Fifth, litigation risk has increased. Advances in event attribution science now allow clearer links between extreme weather events and climate change, strengthening the potential for legal claims. The Gloucester Resources Limited v Minister for Planning (2019) case, where a coal mine application was rejected partly on climate grounds, marked a shift in judicial reasoning around greenhouse gas emissions and corporate responsibility.
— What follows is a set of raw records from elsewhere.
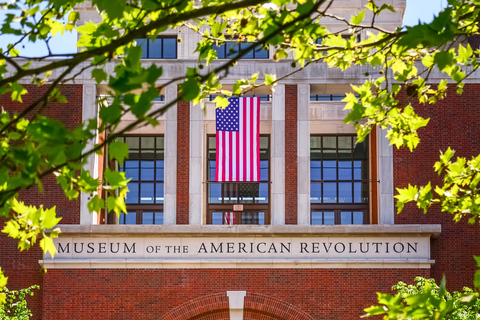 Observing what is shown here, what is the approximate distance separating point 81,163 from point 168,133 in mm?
16387

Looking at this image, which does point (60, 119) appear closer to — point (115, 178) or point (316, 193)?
point (316, 193)

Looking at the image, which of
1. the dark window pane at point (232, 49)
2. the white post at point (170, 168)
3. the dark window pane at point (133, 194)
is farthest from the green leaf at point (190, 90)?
the dark window pane at point (133, 194)

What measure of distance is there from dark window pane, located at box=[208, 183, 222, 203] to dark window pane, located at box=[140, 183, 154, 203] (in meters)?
2.22

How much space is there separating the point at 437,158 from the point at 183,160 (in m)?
7.27

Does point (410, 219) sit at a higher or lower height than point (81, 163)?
higher

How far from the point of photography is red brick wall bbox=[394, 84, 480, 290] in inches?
791

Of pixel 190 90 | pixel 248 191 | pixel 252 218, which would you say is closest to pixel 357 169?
Result: pixel 248 191

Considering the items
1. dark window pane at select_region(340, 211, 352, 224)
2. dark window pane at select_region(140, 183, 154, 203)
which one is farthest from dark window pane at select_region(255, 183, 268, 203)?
dark window pane at select_region(140, 183, 154, 203)

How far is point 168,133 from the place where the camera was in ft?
68.3

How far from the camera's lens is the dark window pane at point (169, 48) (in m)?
24.8

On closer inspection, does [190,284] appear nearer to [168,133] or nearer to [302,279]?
[302,279]

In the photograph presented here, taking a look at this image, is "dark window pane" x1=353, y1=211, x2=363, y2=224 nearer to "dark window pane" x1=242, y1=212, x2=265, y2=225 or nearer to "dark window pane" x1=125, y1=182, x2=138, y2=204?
"dark window pane" x1=242, y1=212, x2=265, y2=225

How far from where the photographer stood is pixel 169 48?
24.9 m

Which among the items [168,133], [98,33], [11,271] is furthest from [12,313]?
[98,33] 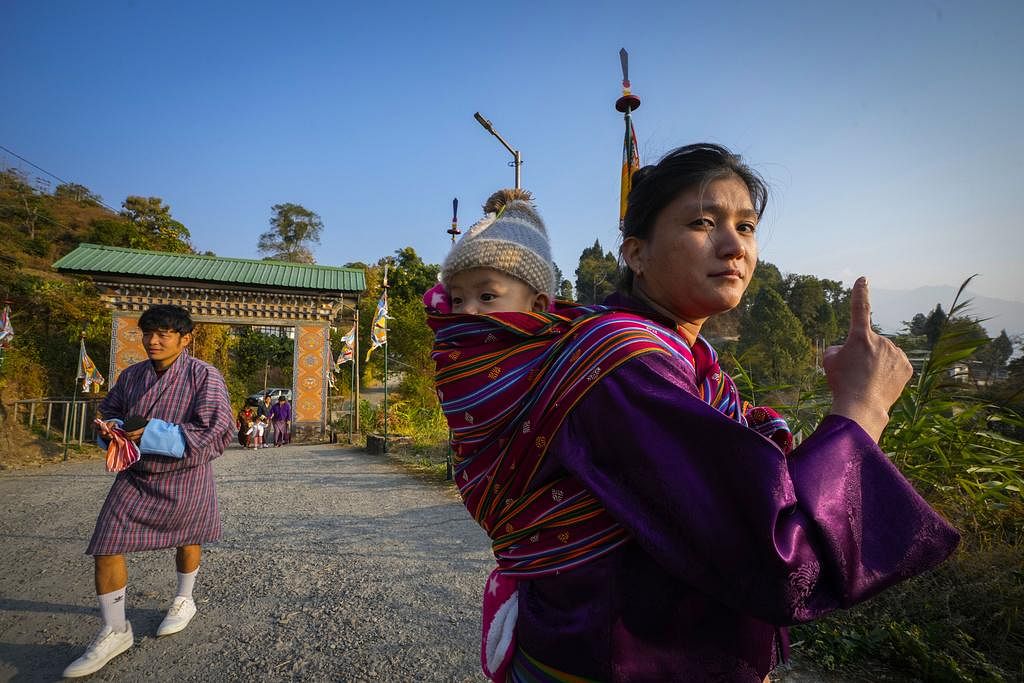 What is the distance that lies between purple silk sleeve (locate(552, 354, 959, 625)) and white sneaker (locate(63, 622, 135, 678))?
3.53 meters

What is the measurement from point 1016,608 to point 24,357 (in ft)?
62.8

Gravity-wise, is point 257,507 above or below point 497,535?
below

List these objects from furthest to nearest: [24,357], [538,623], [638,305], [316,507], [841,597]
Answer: [24,357]
[316,507]
[638,305]
[538,623]
[841,597]

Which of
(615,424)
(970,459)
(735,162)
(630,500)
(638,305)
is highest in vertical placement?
(735,162)

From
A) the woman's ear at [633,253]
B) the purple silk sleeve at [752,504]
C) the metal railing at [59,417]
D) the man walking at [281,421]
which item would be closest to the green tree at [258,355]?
the man walking at [281,421]

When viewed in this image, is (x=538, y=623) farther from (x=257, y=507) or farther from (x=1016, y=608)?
(x=257, y=507)

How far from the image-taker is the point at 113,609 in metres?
3.02

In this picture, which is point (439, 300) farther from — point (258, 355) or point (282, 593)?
point (258, 355)

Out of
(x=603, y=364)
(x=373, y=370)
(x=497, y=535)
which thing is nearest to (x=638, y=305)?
(x=603, y=364)

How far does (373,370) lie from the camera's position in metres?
24.3

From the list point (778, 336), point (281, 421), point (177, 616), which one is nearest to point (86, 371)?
point (281, 421)

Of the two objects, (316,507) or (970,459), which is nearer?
(970,459)

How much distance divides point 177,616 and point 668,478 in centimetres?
386

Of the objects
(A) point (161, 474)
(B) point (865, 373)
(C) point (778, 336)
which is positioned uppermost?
(C) point (778, 336)
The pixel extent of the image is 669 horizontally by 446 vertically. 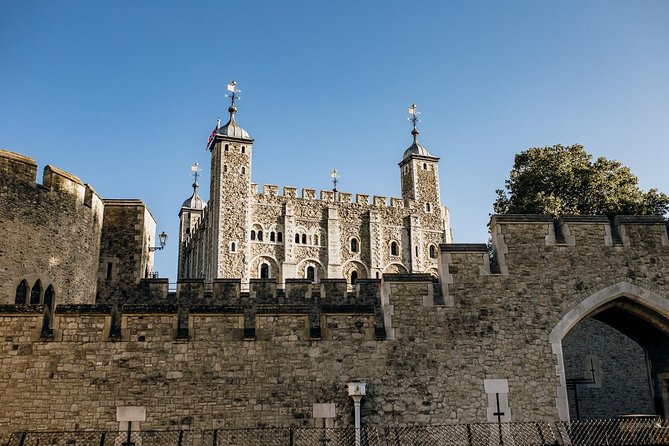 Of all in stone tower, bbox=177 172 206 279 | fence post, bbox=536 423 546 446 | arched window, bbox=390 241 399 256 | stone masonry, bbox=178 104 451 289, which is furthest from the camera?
stone tower, bbox=177 172 206 279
Directors’ duties and legal implications
The opinion concludes that climate change poses foreseeable, significant risks to businesses, particularly in sectors such as banking, insurance, asset management, energy, transport, and agriculture. Courts are increasingly likely to view failure to assess or disclose climate risks as a breach of directors’ statutory duties.
Regulators and investors now expect companies to integrate climate considerations into governance, financial analysis, and disclosures. Directors should assess impacts under both transition and physical risk scenarios—whether decarbonisation efforts succeed or fail—and consider effects on business models, supply chains, and asset values.
Directors are urged to conduct scenario analysis, disclose risks transparently, and establish clear governance mechanisms. Those who act proactively to inform themselves, disclose relevant information, and respond appropriately can mitigate liability exposure. However, as standards rise, inaction may increasingly be seen as negligence.
Conclusion
The authors conclude that climate change now constitutes a mainstream financial and legal issue. Directors who disregard foreseeable climate risks face growing exposure to claims of breach of duty. The evolving expectations from regulators, investors, and the scientific community elevate the standard of care required. Directors must treat climate risk management and disclosure as integral to corporate governance and long-term financial performance.